Security restrictions: Can't do everything, like opening new tabs or windows, because the browser limits what it can do.
“So, now we have discussed three approaches: one is based on JavaScript, where JavaScript is injected, but we do not want to pursue that direction as it’s entirely high-level and represents a different model altogether. Now, within low-level implementations, we have certain advantages and disadvantages with each of the tools. So, what if there exists a solution where the best of both worlds are brought together? For example, Real User Emulation, W3C standard compliance, Multi-browser support, Event-Driven architecture, and Bi-Directional communication. That’s where the solution comes in the form of WebDriver BiDi.*”*
What is WebDriver BiDi?
WebDriver BiDi (Bidirectional) is a significant evolution in the world of test automation. Unlike traditional WebDriver, which primarily allows communication from test scripts to the browser, WebDriver BiDi introduces bidirectional communication. This allows real-time data exchange between your test scripts and the browser.
Imagine you’re controlling a robot. Traditional WebDriver is like telling the robot what to do, but you can’t hear its replies. WebDriver BiDi is different—it lets the robot talk back to you! This makes it easier to see what’s happening in real-time.

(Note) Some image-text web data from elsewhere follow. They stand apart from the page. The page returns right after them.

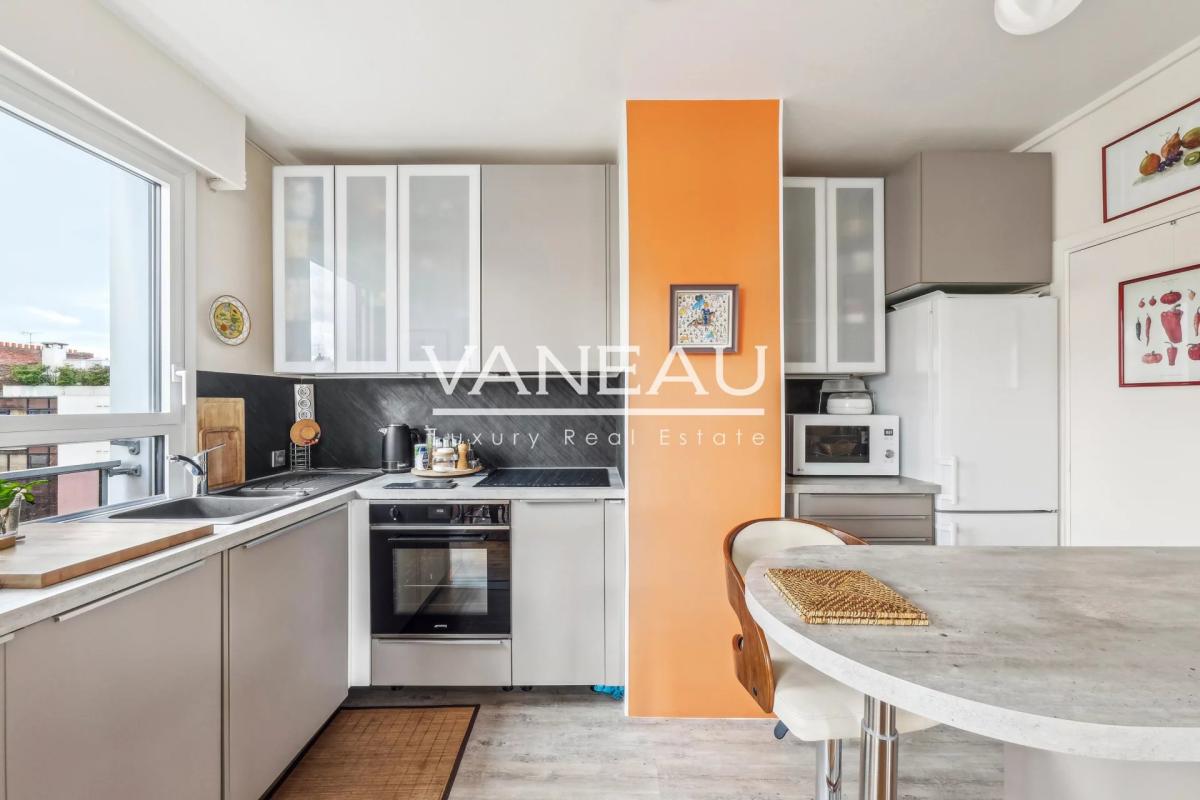 Vue tour Eiffel - appartement Saint Charles - Pont Mirabeau - Be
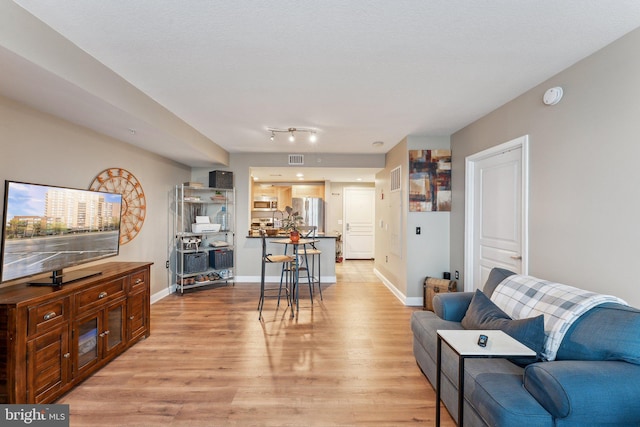living area with visible vents, light wood-type flooring, and baseboards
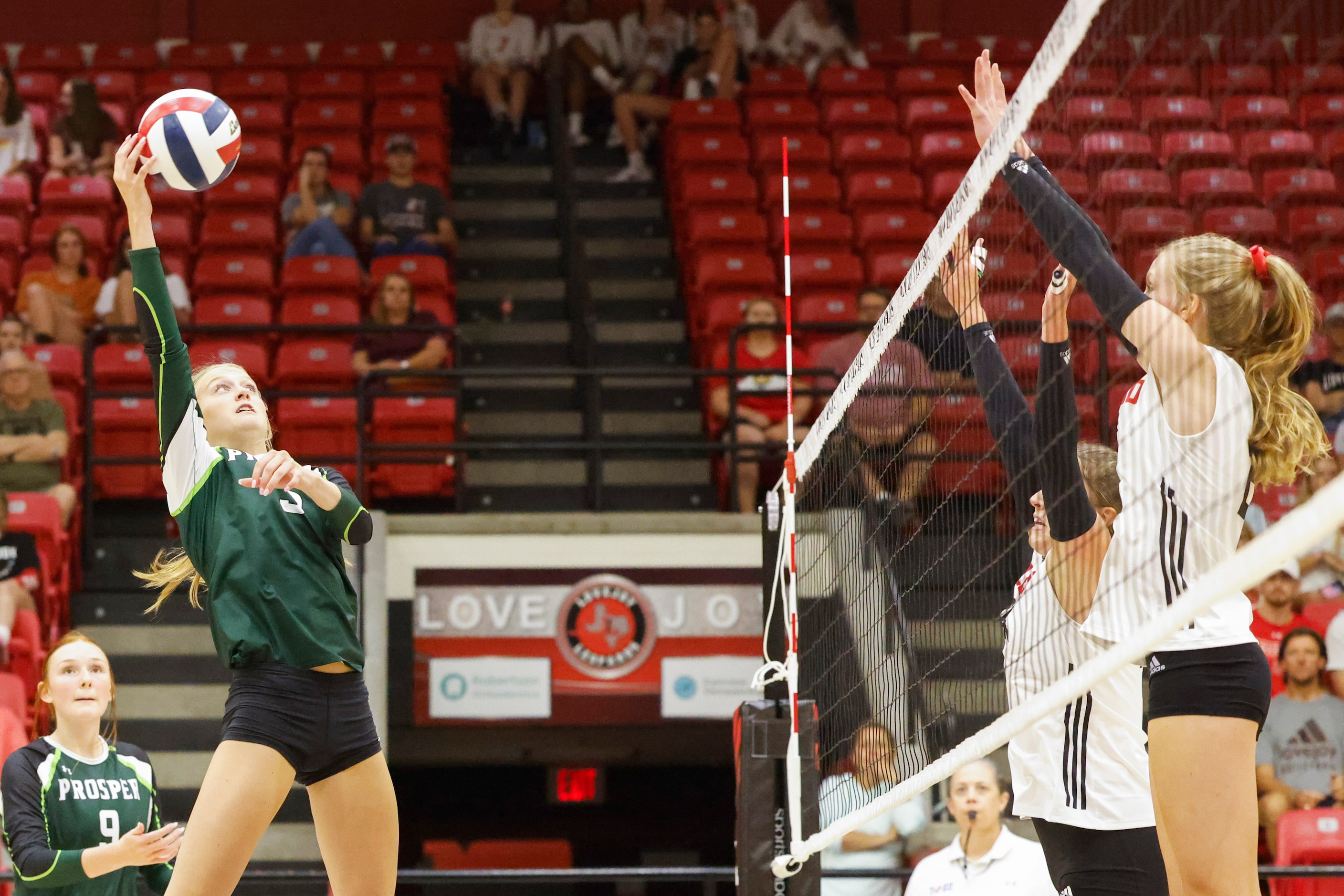 Prosper’s Sydney Thornton, left, hits the ball against Lovejoy during a season-opening match...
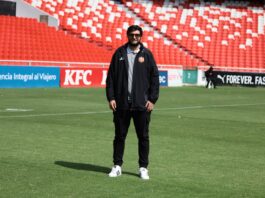 Sergio Jordan, Chief Scout of Fortaleza CEIF, stands on the pitch during a training session in Colombia.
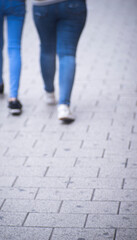 People walking sidewalk pavement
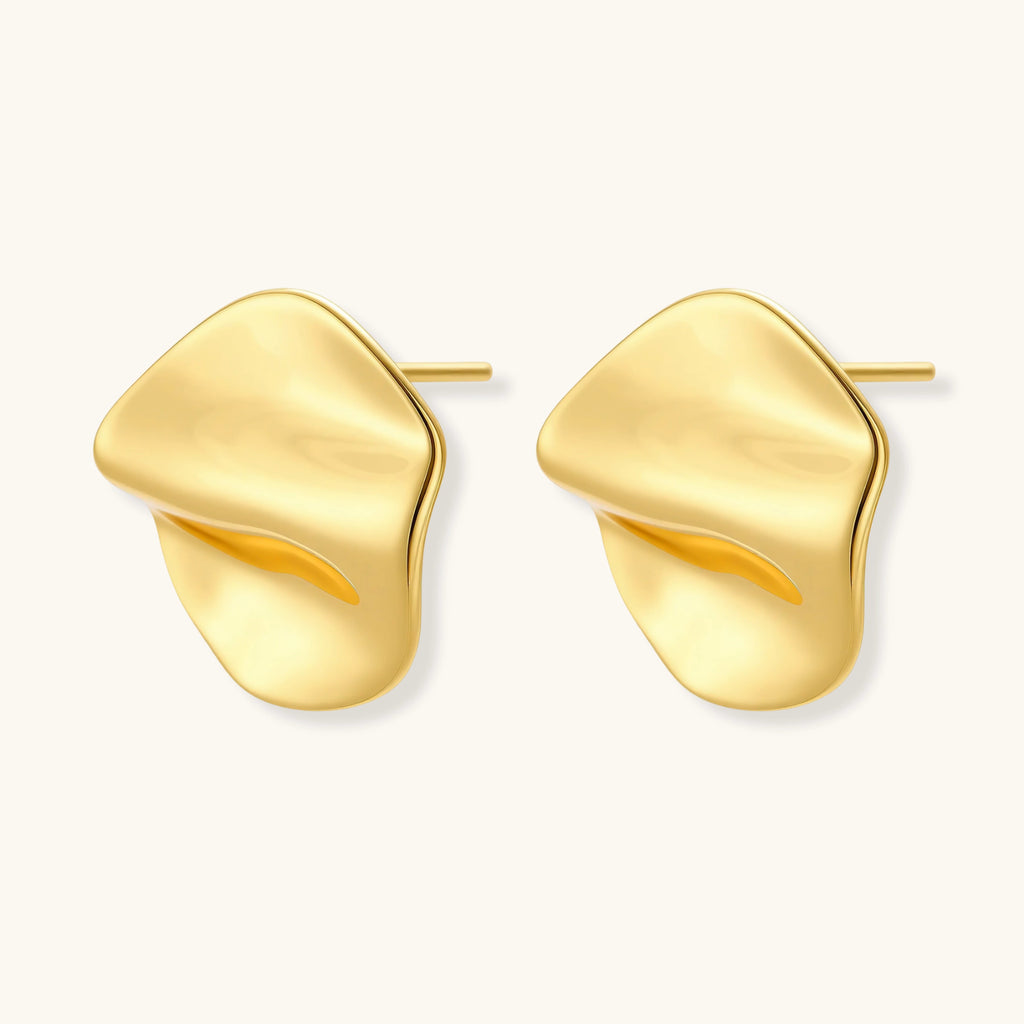 Gold sculptural stud earrings with flowing design
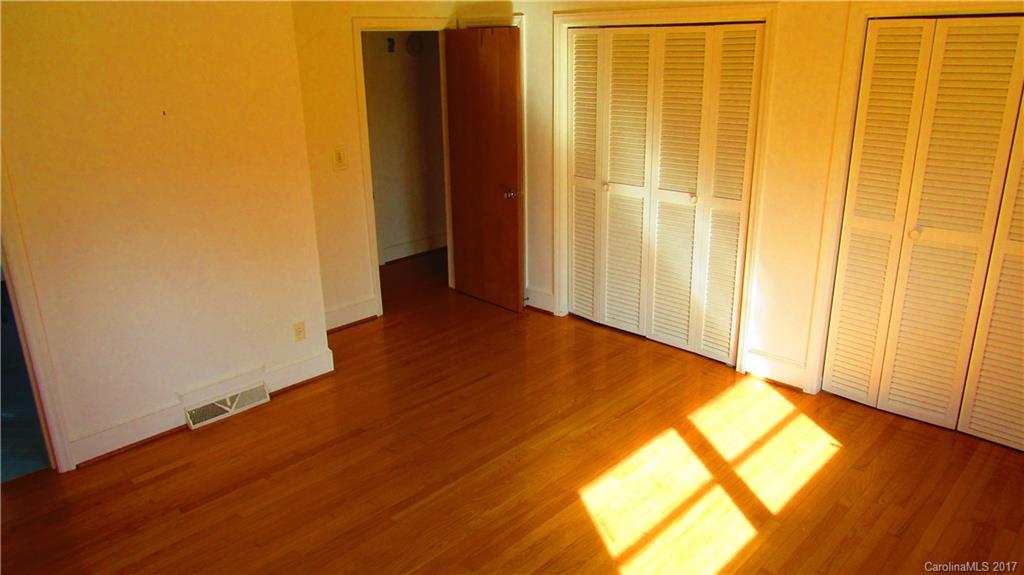 4901 Cheviot Road Charlotte, NC 28269 - Photo 17 of 23 an empty room with wooden floor and a window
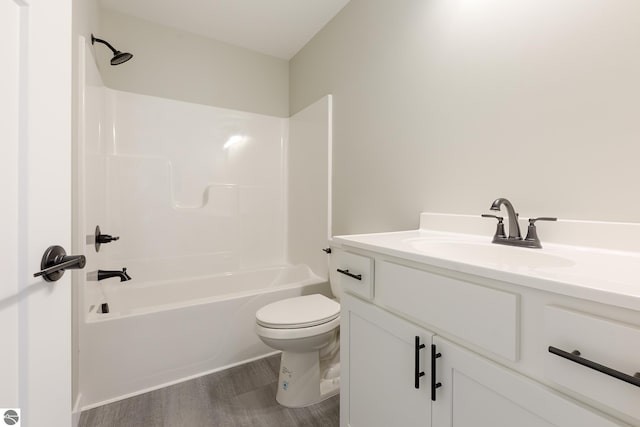 full bathroom with shower / tub combination, vanity, toilet, and wood finished floors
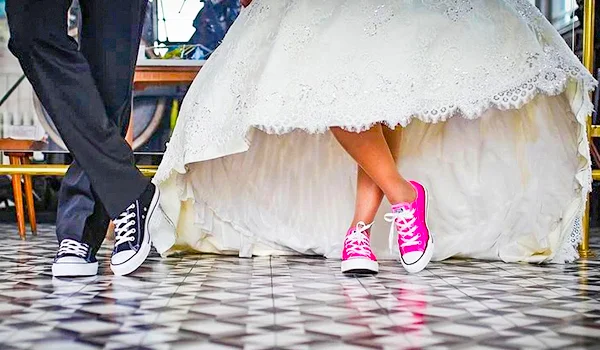 Foto de um casal de noivos mostrando apenas da cintura para baixo. A noiva usa um vestido branco de renda e tênis rosa de cano alto, enquanto o noivo veste calça social escura e tênis preto e branco. Os dois estão lado a lado sobre um piso com padrão geométrico em preto e branco.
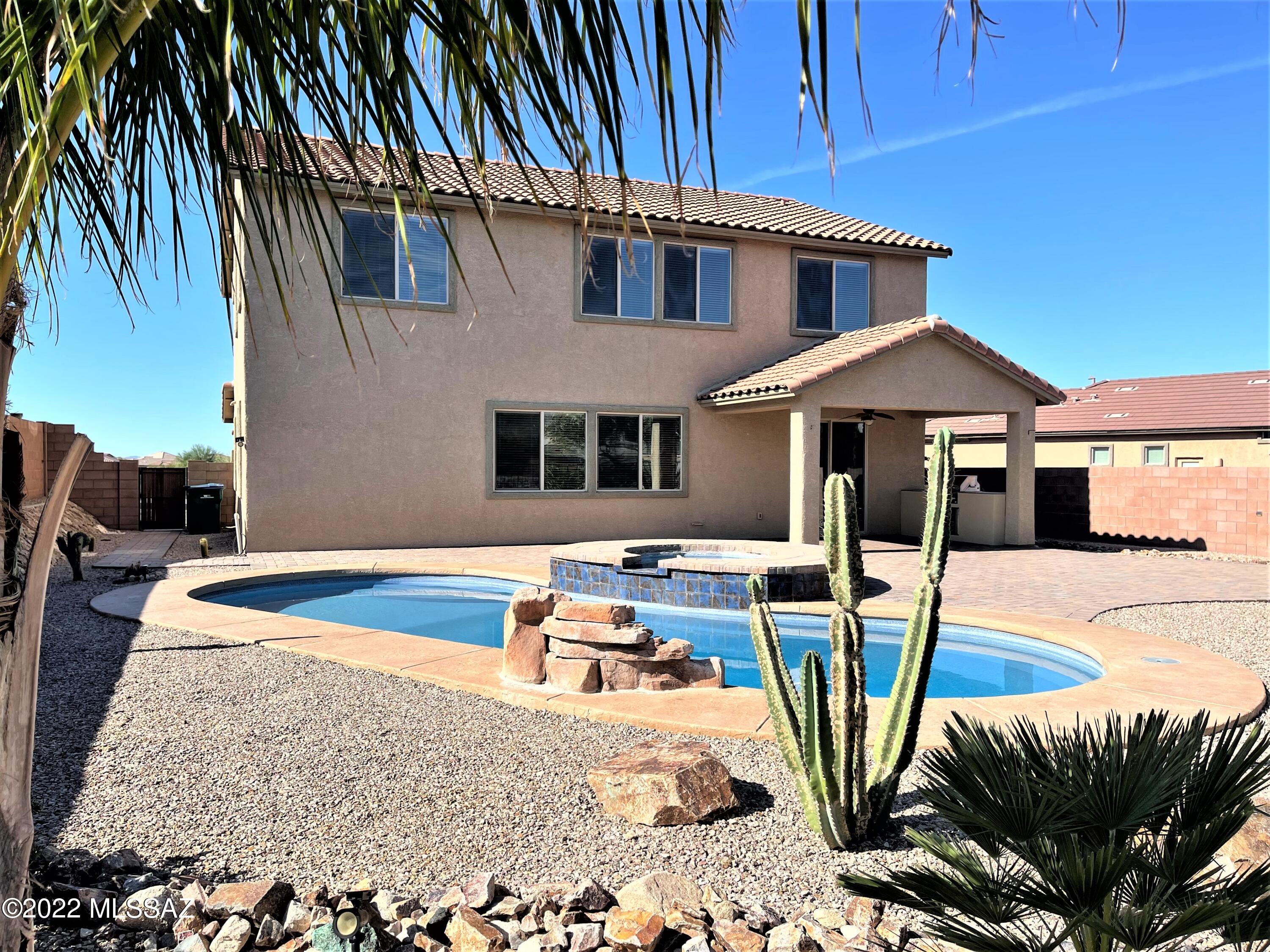 Surrounded by mountain views, You'll love this immaculate large 4 bedroom home, 1 on the main floor, plus 3 full baths. Split bedroom plan w/spacious loft. Sprawling great room & kitchen overlooks backyard with pool, spa and easy care desert plantings. Custom painted interior. Other highlights: in ceiling surround sound speaker system in great room, master & rear patio, wainscoting & floor-to-ceiling columns in dining room, kitchen w/granite countertops & glass tile backsplash + additional cabinets over kitchen desk area. Large laundry room has abundant storage, deep utility sink & much counter space. Additional features include: ceiling fans throughout home, 3 bay tandem garage, Nuvo water softener, in-home fire/sprinkler system. Fully landscaped, easy care front & back yards w/expansive paver patio/path wrapping to the front yard & driveway. Large refreshing salt water pool w/waterfall feature & spa w/surrounding seating area & spillover, built-in gas BBQ & large built-in gas fire pit w/bench. The oasis style backyard is a sanctuary, peaceful + a great space for entertaining year around. Close access to the community park- nice quiet neighborhood. Call for an appointment to view this lovely home.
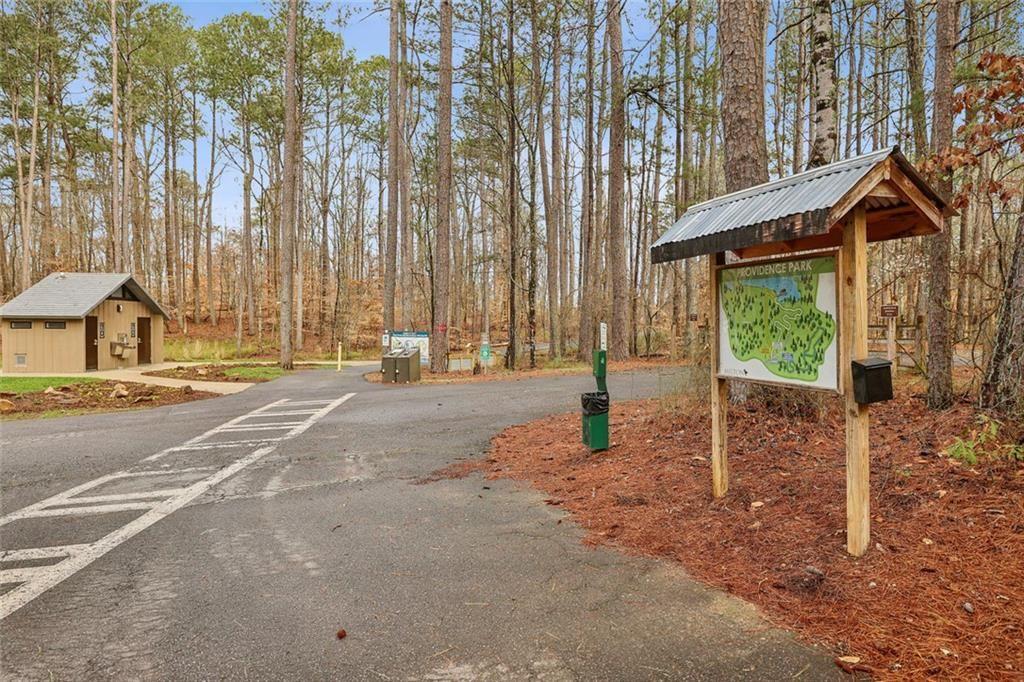 13325 Providence Road Milton, GA 30009 - Photo 39 of 50 a view of a house with backyard and trees
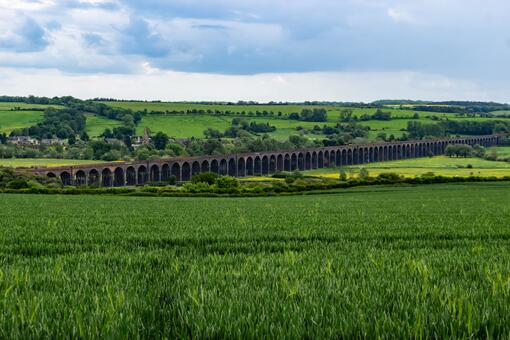 Long bridge in the countryside, surrounded by rolling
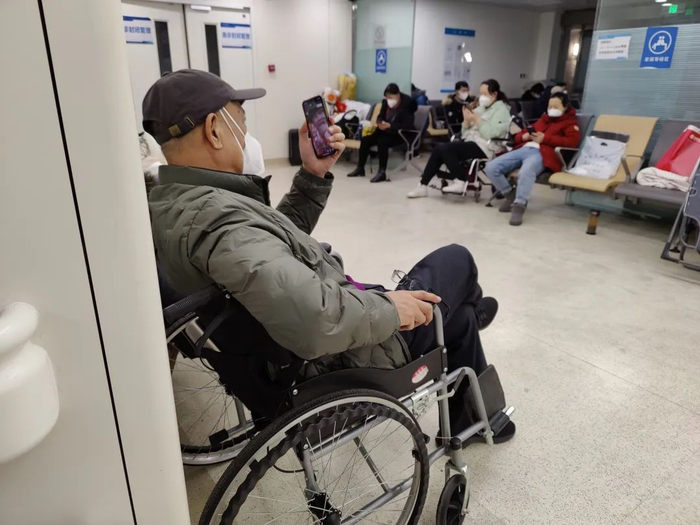  ▲1月21日下午8时许，一名抢救室患者家属在观看央视春晚。新京报记者 吴小飞 摄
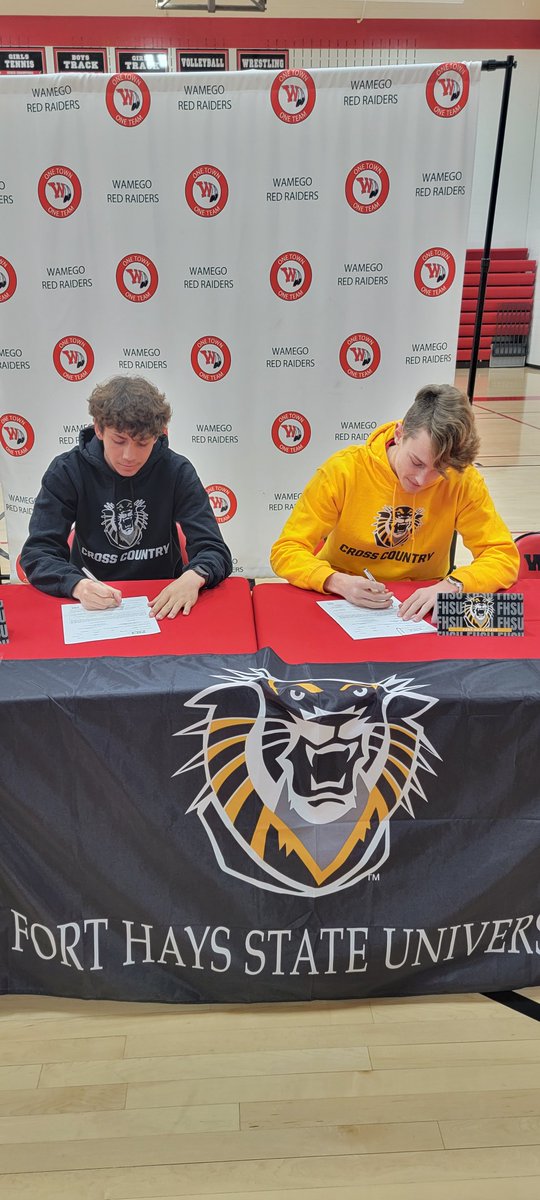 WHSAthleticsOf1's tweet photo. Congratulations to Emery Wolfe and Brady Stegman on signing today to continue their education and run Cross Country at FHSU! @WamegoXC @fhsuathletics https://t.co/uJi2Bf7YIA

Work on WebDriver BiDi was started in 2020 by the W3C Browser Testing and Tools working group This work is a collaboration: Webdriver BiDi working group comprises browser vendors (chrome, firefox, safari), open-source browser automation projects (selenium, webdriverIO), and companies offering browser automation solutions (Browser Stack, Sauce labs).
All these stakeholders work together in harmony to bring a simple and unified solution for the testers that is easy to implement.
Why Do We Need WebDriver BiDi?
1. Listening to DOM Events
• What It Does: WebDriver BiDi can listen to events happening in the DOM (Document Object Model) of a webpage, like clicks, inputs, or any changes.
• Why It Matters: This allows tests to react immediately when something happens on the page, making automation smarter and more efficient.
2. Capturing & Sending JavaScript Errors
• What It Does: If there’s a JavaScript error on a webpage, WebDriver BiDi can catch it and send it back to the test script.
• Why It Matters: This helps in identifying issues in real-time, so you can fix them quickly.
3. Reading Console Messages
• What It Does: WebDriver BiDi can read messages that are logged in the browser’s console (like warnings, errors, or logs).
• Why It Matters: This gives insights into what’s happening behind the scenes in the browser, helping you understand any issues or behavior in your web app.
4. Recording or Manipulating Network Traffic
• What It Does: It can monitor and even change the network requests and responses happening between the browser and the server.
• Why It Matters: This is useful for testing how your app behaves under different network conditions, like slow connections or specific server responses.
5. Real-Time Communication and Control Over Browser Internals
• What It Does: WebDriver BiDi allows two-way communication with the browser, meaning it can send and receive data instantly.
• Why It Matters: This real-time interaction enables more dynamic and responsive tests, making it easier to handle complex scenarios like animations or dynamic content.
These features make WebDriver BiDi a powerful tool for modern browser automation, giving you greater control and insights into how your web applications work.
Conclusion
In conclusion, WebDriver BiDi is a game-changer for automation, as it leverages the benefits of Bi-Directional Communication, Event-Driven architecture, Multi-browser support, and access to low-level controls such as Console and Network. It also adheres to the W3C standard. Let's start adopting these new features as they're released and experience the benefits firsthand.